The Lady Gaga/”Star is Born” crowd has quieted down a tad. They’re in shock over the Golden Globes, Critics Choice and PGA Awards.

But today, the book is written anew. Will “The Academy” (as it always calls itself, even on its Facebook page) go its own way this year?

Will “A Star is Born” gets its (Gaga fan) entitled “due?”

Will “Roma,” a picture with no stars, no nominatable performances and shown (but not watched) on streaming give Netflix an Oscar just as it raises its prices and starts to feel the heat from the competition that will break its stranglehold on Streaming? (Peak Netflix, all downhill from here?)?

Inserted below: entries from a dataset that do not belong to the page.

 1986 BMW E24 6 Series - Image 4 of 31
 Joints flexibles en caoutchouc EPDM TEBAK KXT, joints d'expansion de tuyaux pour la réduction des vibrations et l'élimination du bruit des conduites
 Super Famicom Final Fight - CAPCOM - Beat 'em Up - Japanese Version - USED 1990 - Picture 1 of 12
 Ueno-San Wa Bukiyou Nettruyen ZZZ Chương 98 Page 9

Do forgotten films like “First Man” have a prayer of making a dent? Might deflated prestige pictures like “Vice,” “Mary Queen of Scots” or even “Widows” see some Oscar love?

This year’s “Green Book” and (earlier) “Bohemian Rhapsody” affection make one wonder. Sure, Christian Bale seems a lock, Mahershala Ali, maybe Glenn Close. Maybe Olivia Colman. Lady Gaga.

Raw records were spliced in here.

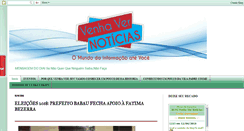 Desktop Screenshot of noticiasdevenhavereregiao.blogspot.com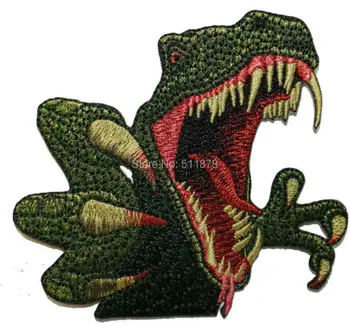 3.5" T-Rex Tyrannosuarus Dinosaur Jurassic World Park Movie Park Movie TV Series Costume Embroidered Emblem iron on patches gift
3.5" T-Rex Tyrannosuarus Dinosaur Jurassic World Park Movie Park Movie TV Series Costume Embroidered Emblem iron on patches gift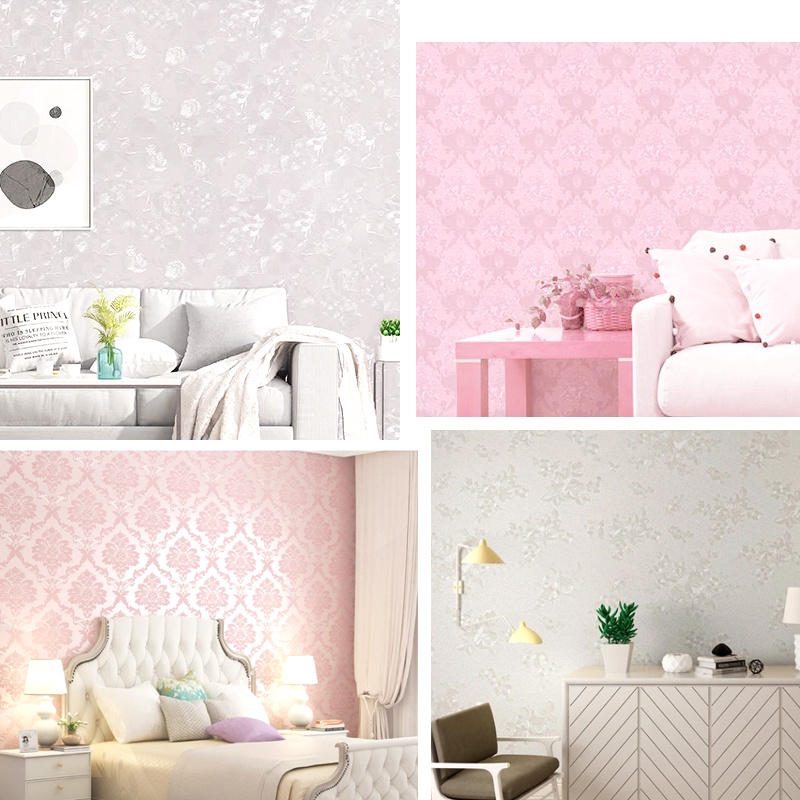 GIẤY DÁN TƯỜNG TRANG TRÍ ĐẸP KHỔ 45CM CÓ KEO SẴN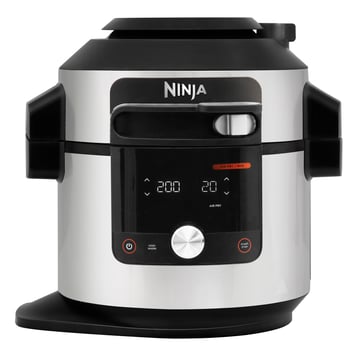 Ninja Ninja Foodi OL750 ONE-Lid multicooker 14 in 1 7,5 l Grå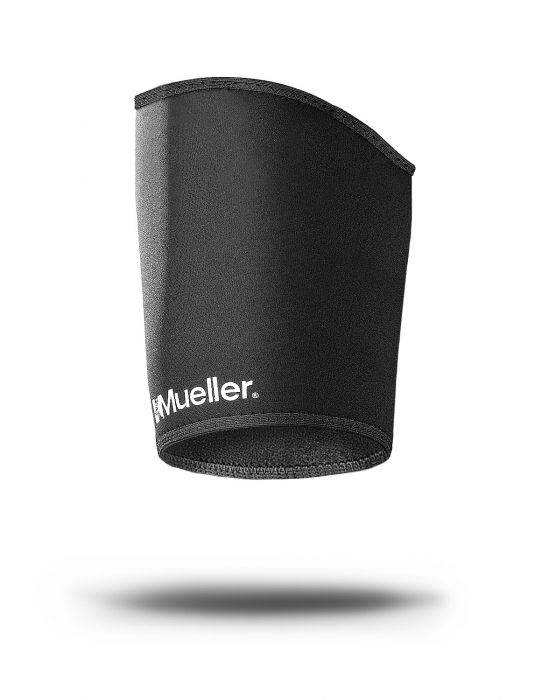 Mueller Sports Medicine Mueller Thigh Sleeve Medium Pull-On 23 to 25 Inch Circumference Left or Right Leg - 444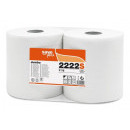 Toaletní papír Jumbo 265mm 2vrs. bílý 6ks Celtex S-Plus /prodej po balení  (1106)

Will both of Colman’s co-stars earn “Favourite” supporting actress nominations? That’s how Regina King, in a subtle, doesn’t-show-much turn in “If Beale Street Could Talk” has become the supporting actress favorite. Maybe they’ll just nominate Oscar winner Rachel Weisz or Oscar winner Emma Stone, both of whom dazzled.

Will Amy Adams or Saoirse Ronan break through in one of those categories?

We just don’t know. This year has been all over the place.

You can live stream the Oscars wherever you are, via their Youtube page, or this year, their Facebook page. As I am in a cable free corner of NC at the moment, Youtube it is for me.

Anything to avoid ABC’s “Good Morning America” teases, tease outs and tedious “expert Oscar watchers.”

The Pre “Show” gets underway at 820.